Lifting for Arbitrary Gadgets
Siddharth Iyer
TL;DR
The paper addresses how hard it is to compute the composition $f∘g$ in deterministic communication when $g$ is an arbitrary gadget, and proves a lifting theorem that translates sensitivity of $f$ into a lower bound for $D(f∘g)$. The authors develop a density-rectangle lemma, leverage entropy-based arguments, and iteratively decompose the problem to obtain the main bound $D(f∘g) \ge s(f) \left( \frac{\Omega(D(g))}{\log rk(g)} - \log rk(g) \right)$, with corollaries showing $D(f∘g) = \Omega(\min\{s,d\}\cdot\sqrt{D(g)})$ when $D(g)$ is large and a specific OR-case lower bound of $\Omega(n\sqrt{D(g)})$. The approach connects to direct-sum/XOR-lemma techniques and situates the result among lifting theorems that relate inner-gadget complexity to outer-function measures such as sensitivity and degree. This work broadens lifting theory beyond parity-type inner functions and has implications for understanding how outer Boolean function complexity translates into communication overhead under arbitrary gadgets.
Abstract
We prove a sensitivity-to-communication lifting theorem for arbitrary gadgets.

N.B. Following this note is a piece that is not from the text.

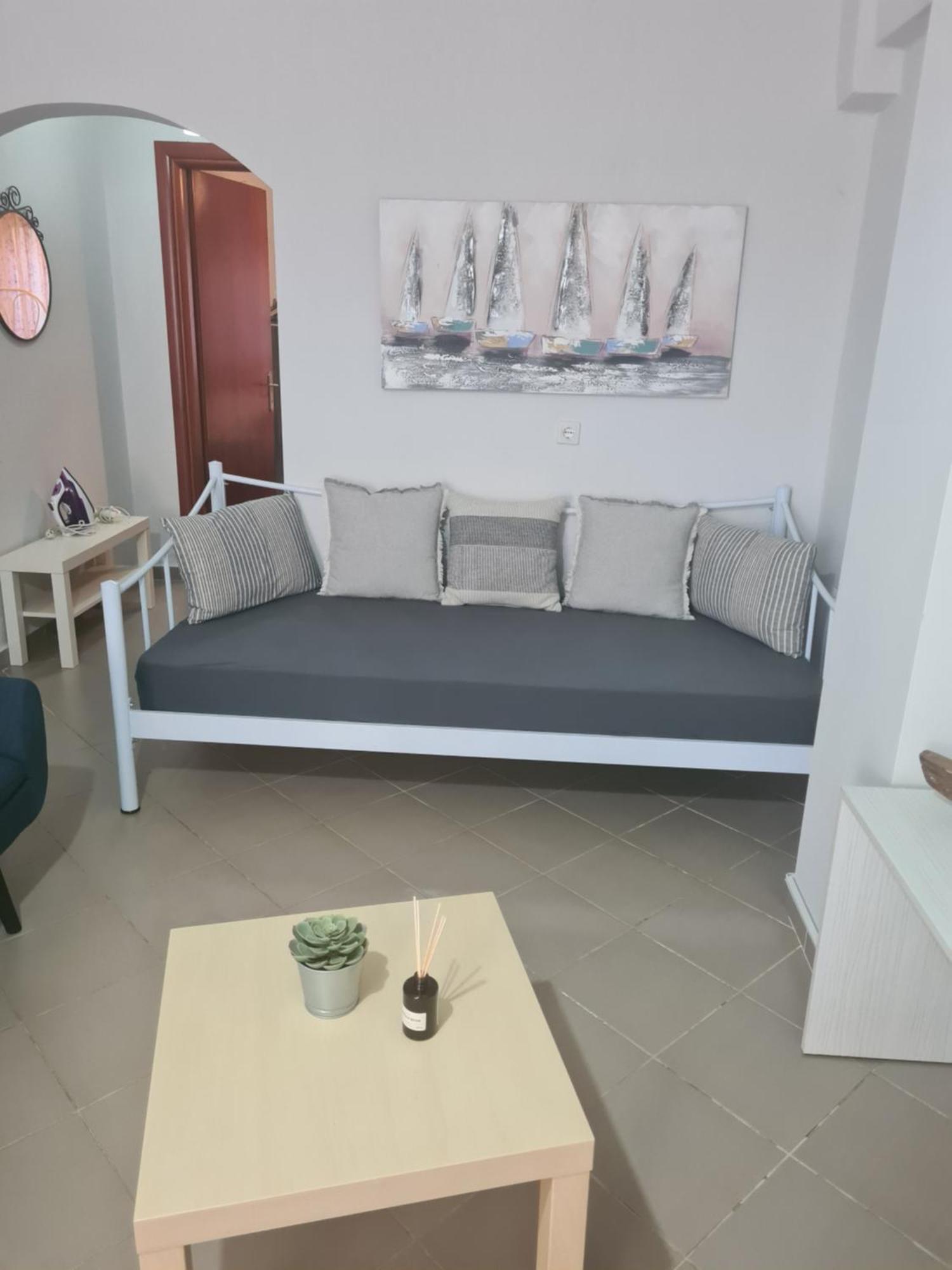 Makis Apartments Touzla โอฟรีนีออน ภายนอก รูปภาพ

Given functions $f: \{0,1\}^n\to \{0,1\}$ and $g : \mathcal X\times \mathcal Y\to \{0,1\}$, denote $f\circ g(x,y) := f(g(x_1,y_1),\ldots,g(x_n,y_n))$. We show that for any $f$ with sensitivity $s$ and any $g$, \[D(f\circ g) \geq s\cdot \bigg(\frac{Ω(D(g))}{\log\mathsf{rk}(g)} - \log\mathsf{rk}(g)\bigg),\] where $D(\cdot)$ denotes the deterministic communication complexity and $\mathsf{rk}(g)$ is the rank of the matrix associated with $g$. As a corollary, we get that if $D(g)$ is a sufficiently large constant, $D(f\circ g) = Ω(\min\{s,d\}\cdot \sqrt{D(g)})$, where $s$ and $d$ denote the sensitivity and degree of $f$. In particular, computing the OR of $n$ copies of $g$ requires $Ω(n\cdot\sqrt{D(g)})$ bits.